La philosophie de l'amour
Les fontaines se mêlent aux rivières, Les rivières à l'océan, Les vents du Ciel s'unissent à jamais Avec une douce émotion; Rien dans le monde n'est solitaire Toutes choses par loi divine En un esprit se rencontrent, se mêlent. Pourquoi pas le mien et le tien ?
Vois, les montagnes baisent le haut Ciel, Les vagues l'une l'autre étreignent; Nulle sœur-fleur ne serait pardonnée Si elle dédaignait son frère; Du soleil la lumière étreint la terre, Les rais de lune baisent la mer : Mais que vaut donc tout cet ouvrage tendre Si toi tu ne m’embrasses pas ?
Percy Bisshe Shelley
ESPAGNE
Federico García Lorca (1898- 1936) est un poète et auteur de pièces de théâtre espagnol. Il a été l'ami de Luis Buñuel (cinéaste) et de Salvador Dalí. Il est mort fusillé au début de la Guerre civile par les troupes du Général Franco.

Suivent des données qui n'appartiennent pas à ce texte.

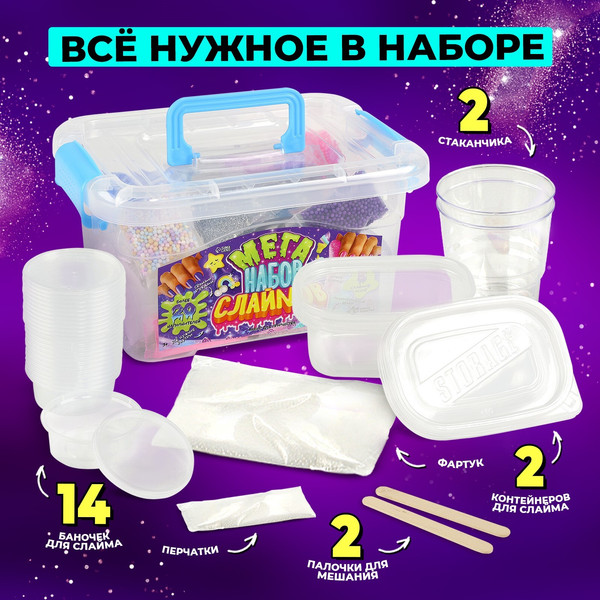 Изображение товара Набор для создания слайма Школа талантов Большой / 10135247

"Toutes les choses ont leur mystère, la poésie c'est le mystère de toutes les choses".
Chanson bête
Maman, Je voudrais être en argent.
Mon fils, Tu auras bien froid.
Maman, Je voudrais être de l'eau.
Mon fils, Tu auras bien froid.
Maman, Brode-moi sur ton oreiller.
Ah, ça oui ! tout de suite !
Federico García Lorca (Traduction proposée par Lieucommun )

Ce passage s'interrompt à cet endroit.